Entries shown:
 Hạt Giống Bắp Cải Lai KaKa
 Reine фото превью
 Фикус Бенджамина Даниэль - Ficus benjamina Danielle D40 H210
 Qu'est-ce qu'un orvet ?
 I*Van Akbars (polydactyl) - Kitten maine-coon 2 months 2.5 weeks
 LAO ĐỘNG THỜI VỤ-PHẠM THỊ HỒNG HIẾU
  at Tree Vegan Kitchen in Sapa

...

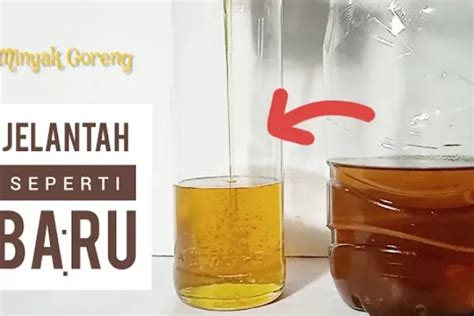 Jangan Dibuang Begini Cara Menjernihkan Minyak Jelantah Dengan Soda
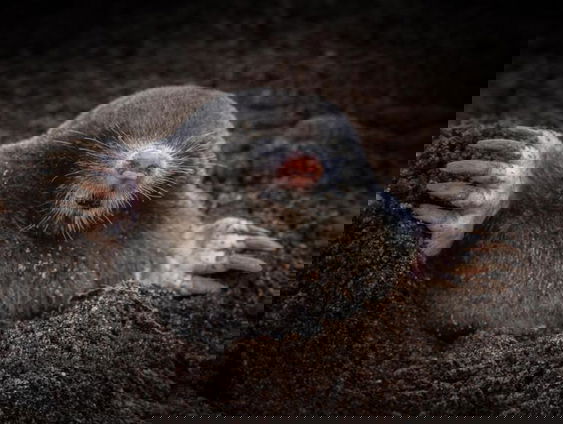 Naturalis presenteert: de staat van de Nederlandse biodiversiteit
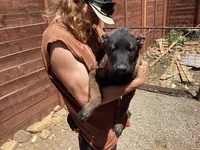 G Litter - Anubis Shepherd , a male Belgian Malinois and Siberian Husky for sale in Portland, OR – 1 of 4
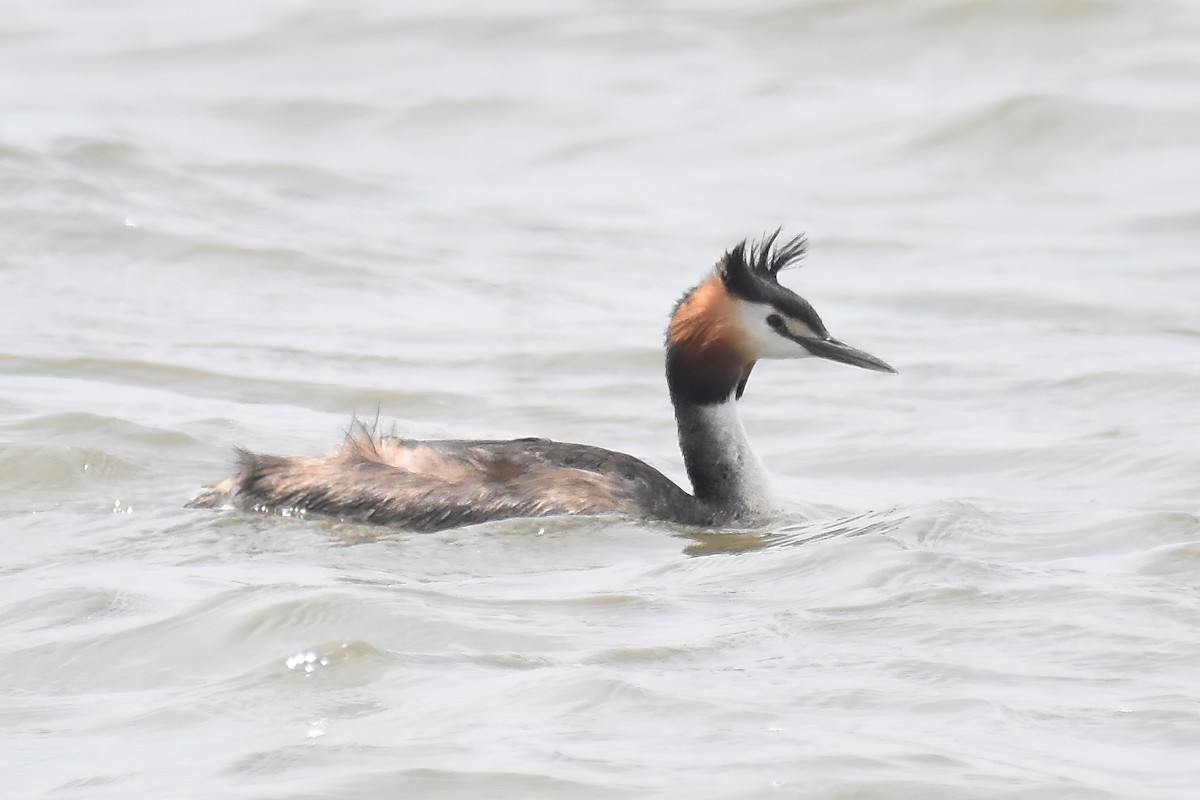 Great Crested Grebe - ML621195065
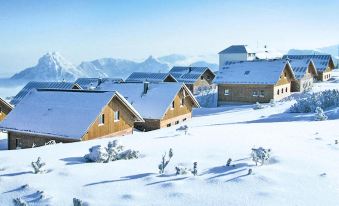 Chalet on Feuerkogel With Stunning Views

Task objective: Starting at the line above that holds "Naturalis presenteert: de", return each line up to and including the one that holds "Chalet on Feuerkogel With Stunning Views", exactly as written, minus any pictures.

Answer box:
 Naturalis presenteert: de staat van de Nederlandse biodiversiteit
 G Litter - Anubis Shepherd , a male Belgian Malinois and Siberian Husky for sale in Portland, OR – 1 of 4
 Great Crested Grebe - ML621195065
 Chalet on Feuerkogel With Stunning Views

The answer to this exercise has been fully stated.